Als der Beirat, das Stadtteilparlament von Walle, Ende 2018 vom bevorstehenden Abriss des historischen Ulrichsschuppens hörte, suchte man schnell nach einer Möglichkeit, zumindest Teile als historische Stätte zu erhalten.
Der dritte wichtige Akteur ist das Unternehmen J. Müller aus Brake, das das Gelände 2018 erworben hatte, um seine Lagerkapazität für Rohkaffee auszubauen. Was sie da gekauft hatten, das wusste bei der Hafengesellschaft niemand. „Für uns waren das nur Lagerschuppen. Die mussten weg“, sagt Uwe Schiemann vom Unternehmen. Auf die Bitten des Beirats aber ging man gern ein: Die Fassade erhalten, das sei nicht möglich gewesen; hundert Quadratmeter für den Gedenkort abzwacken, darauf konnte man sich aber einlassen.
Ein bisschen zu kurz kommt am Tag der Einweihung das eigentliche Gedenken an die Zwangsarbeiter.

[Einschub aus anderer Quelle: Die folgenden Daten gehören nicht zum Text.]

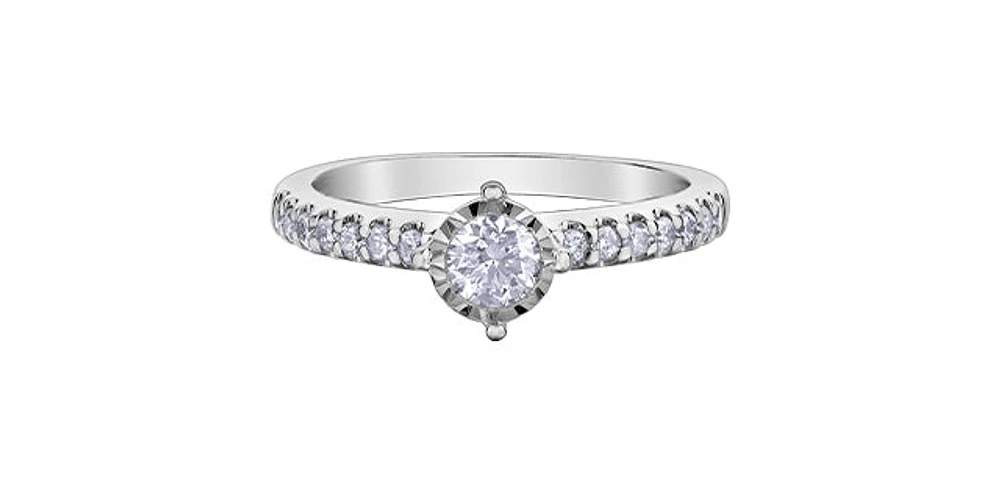 10K White Gold 0.51cttw Round Brilliant Cut Illusion Set Diamond Ring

Wer sie waren, ob sie entschädigt wurden, wie sie gelebt haben – das wird nicht erzählt. Dabei gäbe es einiges zu erzählen über die 986 Männer. Gearbeitet haben sie für den Hafenbetriebsverein; profitiert von ihrer Arbeitskraft haben wohl alle Unternehmen, die damals im Hafen ansässig waren. Unter den Männern waren Kriegsgefangene, aber auch „Zivilarbeiter“: Zivilist*innen die zwangsrequiriert wurden. Gut ging es ihnen nicht, eine wissenschaftliche Studie berichtet von Elf- und Zwölf-Stunden-Tagen, von Sieben-Tage-Wochen. Wie schlecht hing auch davon ab, in welchem Schuppen sie lebten: Die „Zivilarbeiter“ aus Frankreich im Schuppen 10 fielen unter die Genfer Konvention. Die Sowjets im Schuppen 9 waren schlechter gestellt, für sie galt die Genfer Konvention nicht.
Bekannt geworden ist die Geschichte der französischen Insassen durch eine historisch einmalige Überlieferung: Die Zwangsarbeiter hatten mit deutscher Genehmigung großflächige Wandbilder gemalt: 13 Szenen auf 105 Quadratmetern stellten die Tage im Lager dar. Die Bilder waren später übertüncht worden, aber durch die Erinnerung eines ukrainischen Zwangsarbeiters aus dem benachbarten Sowjetlager wieder ins Gedächtnis gerufen, geborgen und restauriert worden. Die Bilder sind unter anderem im Staatsarchiv ausgestellt.